# Task prompt
Once the line containing "a.m. Rooms Pulkovo Park Deluxe Apartments" has been written out, stop; until then, restate each line of the entries below word for word from the first.

##### Extracted information

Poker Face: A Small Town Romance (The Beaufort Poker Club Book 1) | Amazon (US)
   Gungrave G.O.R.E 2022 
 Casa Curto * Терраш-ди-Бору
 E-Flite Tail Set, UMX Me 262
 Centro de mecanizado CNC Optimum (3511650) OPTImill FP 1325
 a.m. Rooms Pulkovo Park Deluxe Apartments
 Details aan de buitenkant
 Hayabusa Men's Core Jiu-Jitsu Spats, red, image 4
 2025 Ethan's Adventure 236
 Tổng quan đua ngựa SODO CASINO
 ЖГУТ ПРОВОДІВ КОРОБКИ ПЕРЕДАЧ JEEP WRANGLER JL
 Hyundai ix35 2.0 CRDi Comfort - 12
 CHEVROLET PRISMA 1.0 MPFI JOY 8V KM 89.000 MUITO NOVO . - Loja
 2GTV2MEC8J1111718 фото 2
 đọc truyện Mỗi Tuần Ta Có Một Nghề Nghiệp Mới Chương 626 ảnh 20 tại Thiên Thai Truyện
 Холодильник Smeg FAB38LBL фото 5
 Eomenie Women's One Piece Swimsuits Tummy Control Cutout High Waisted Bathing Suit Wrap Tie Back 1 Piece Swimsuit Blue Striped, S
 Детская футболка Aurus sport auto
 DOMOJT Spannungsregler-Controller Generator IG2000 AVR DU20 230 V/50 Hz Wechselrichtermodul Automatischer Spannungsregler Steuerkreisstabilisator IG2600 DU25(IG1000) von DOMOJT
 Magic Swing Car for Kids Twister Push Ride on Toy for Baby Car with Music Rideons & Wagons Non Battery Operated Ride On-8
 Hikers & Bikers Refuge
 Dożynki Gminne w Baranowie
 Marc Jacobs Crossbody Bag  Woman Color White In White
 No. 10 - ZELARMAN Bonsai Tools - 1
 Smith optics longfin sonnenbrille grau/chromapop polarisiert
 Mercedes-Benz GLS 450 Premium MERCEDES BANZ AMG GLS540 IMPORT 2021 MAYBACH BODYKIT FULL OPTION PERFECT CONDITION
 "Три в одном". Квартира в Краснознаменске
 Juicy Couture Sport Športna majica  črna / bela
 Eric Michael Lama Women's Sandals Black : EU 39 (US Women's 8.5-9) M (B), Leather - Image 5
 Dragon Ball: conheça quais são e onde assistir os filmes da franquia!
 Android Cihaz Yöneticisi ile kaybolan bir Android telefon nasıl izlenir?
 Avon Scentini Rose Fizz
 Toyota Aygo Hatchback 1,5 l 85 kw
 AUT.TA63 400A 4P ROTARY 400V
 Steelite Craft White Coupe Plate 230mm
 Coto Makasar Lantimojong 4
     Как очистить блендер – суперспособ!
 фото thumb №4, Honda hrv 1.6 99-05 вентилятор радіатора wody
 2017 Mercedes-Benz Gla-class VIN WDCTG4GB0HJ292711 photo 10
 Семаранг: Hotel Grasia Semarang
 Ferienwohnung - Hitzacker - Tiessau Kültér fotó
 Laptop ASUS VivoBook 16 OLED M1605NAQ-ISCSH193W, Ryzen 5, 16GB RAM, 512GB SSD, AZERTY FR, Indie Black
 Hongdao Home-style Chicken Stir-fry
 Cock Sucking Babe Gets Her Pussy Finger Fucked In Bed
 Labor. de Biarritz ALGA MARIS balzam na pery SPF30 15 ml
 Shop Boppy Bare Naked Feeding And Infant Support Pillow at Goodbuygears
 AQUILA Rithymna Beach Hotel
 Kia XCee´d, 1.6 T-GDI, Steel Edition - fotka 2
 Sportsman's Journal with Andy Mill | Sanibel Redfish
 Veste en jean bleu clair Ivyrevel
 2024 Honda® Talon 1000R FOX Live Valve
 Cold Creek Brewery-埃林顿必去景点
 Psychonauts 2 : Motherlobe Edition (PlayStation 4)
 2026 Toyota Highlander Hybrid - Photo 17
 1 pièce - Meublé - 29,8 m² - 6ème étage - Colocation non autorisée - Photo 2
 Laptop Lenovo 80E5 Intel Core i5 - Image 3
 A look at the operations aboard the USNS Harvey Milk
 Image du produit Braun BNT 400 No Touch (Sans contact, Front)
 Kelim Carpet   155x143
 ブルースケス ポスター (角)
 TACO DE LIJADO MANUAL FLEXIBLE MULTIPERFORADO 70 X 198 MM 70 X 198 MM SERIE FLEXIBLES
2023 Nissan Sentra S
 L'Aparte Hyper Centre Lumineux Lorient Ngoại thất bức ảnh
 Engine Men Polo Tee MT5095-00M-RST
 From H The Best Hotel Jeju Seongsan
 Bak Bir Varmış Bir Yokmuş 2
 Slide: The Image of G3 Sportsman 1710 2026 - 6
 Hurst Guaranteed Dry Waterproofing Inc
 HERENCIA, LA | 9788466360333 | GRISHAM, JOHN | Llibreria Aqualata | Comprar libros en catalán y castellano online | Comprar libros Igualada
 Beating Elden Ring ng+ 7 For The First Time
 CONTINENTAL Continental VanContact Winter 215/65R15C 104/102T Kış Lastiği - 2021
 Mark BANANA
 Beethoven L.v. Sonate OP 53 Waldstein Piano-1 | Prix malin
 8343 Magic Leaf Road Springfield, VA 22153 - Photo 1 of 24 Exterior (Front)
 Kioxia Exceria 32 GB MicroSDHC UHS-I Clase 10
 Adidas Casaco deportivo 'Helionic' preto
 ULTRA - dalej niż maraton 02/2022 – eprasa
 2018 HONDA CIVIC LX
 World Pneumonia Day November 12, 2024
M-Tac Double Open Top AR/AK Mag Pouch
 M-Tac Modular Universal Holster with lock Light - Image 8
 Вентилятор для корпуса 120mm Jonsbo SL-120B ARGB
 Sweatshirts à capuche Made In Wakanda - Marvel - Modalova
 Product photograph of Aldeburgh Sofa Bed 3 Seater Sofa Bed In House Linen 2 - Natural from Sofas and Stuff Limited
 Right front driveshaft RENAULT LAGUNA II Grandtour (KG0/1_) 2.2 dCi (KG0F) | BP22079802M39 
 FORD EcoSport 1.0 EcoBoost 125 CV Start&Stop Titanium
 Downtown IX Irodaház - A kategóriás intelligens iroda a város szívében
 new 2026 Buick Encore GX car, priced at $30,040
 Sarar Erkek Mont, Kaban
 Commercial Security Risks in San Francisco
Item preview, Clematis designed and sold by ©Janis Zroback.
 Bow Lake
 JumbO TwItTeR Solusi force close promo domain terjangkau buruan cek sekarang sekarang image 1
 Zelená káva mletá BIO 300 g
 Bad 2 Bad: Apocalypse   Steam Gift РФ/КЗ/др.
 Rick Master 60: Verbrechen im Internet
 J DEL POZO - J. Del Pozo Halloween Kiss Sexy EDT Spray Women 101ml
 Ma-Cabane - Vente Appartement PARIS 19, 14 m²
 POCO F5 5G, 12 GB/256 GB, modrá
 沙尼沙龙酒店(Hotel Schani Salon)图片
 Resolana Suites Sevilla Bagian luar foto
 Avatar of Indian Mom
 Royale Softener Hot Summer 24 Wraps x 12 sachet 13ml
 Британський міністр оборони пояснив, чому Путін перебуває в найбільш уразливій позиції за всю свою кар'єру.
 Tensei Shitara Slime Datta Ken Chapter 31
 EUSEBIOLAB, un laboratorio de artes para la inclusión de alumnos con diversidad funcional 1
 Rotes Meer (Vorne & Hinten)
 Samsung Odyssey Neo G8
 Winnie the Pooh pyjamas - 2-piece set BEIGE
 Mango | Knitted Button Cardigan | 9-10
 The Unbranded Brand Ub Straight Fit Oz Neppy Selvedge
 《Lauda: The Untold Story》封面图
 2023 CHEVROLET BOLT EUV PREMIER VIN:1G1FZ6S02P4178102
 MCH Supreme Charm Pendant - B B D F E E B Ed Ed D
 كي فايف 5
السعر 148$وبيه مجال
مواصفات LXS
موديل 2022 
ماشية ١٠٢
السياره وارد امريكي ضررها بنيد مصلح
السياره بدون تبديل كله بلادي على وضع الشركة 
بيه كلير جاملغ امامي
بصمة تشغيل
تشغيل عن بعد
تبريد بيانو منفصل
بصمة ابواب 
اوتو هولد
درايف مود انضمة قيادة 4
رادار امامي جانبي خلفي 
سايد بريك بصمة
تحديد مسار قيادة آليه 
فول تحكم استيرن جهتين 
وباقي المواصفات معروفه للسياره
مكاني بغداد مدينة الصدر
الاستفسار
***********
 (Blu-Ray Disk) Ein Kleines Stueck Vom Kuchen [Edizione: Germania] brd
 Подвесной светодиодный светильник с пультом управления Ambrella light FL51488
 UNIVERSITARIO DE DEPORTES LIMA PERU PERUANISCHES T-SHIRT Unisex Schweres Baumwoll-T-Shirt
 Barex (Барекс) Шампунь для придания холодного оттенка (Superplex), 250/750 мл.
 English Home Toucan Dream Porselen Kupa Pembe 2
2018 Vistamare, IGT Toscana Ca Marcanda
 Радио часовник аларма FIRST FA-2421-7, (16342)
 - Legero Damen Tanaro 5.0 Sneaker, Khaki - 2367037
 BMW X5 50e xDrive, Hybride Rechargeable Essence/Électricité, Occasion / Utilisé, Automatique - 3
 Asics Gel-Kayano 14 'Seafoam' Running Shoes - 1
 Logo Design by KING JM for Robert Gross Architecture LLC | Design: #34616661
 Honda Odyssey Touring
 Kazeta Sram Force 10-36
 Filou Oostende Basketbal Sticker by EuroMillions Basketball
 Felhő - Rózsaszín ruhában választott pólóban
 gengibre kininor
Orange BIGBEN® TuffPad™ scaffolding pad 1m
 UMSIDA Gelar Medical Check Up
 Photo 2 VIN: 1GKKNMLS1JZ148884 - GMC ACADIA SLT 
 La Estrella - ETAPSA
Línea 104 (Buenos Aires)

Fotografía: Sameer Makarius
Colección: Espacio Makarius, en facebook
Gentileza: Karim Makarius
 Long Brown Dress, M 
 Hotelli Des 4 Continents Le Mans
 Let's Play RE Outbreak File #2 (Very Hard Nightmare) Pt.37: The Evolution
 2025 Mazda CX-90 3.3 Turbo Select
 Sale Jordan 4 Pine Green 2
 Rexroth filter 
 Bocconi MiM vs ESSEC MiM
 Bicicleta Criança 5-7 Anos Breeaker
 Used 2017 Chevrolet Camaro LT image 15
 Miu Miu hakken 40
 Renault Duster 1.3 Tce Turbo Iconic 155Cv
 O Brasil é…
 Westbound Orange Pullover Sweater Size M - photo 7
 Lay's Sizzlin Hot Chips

##########

# Result of the exercise
Poker Face: A Small Town Romance (The Beaufort Poker Club Book 1) | Amazon (US)
   Gungrave G.O.R.E 2022 
 Casa Curto * Терраш-ди-Бору
 E-Flite Tail Set, UMX Me 262
 Centro de mecanizado CNC Optimum (3511650) OPTImill FP 1325
 a.m. Rooms Pulkovo Park Deluxe Apartments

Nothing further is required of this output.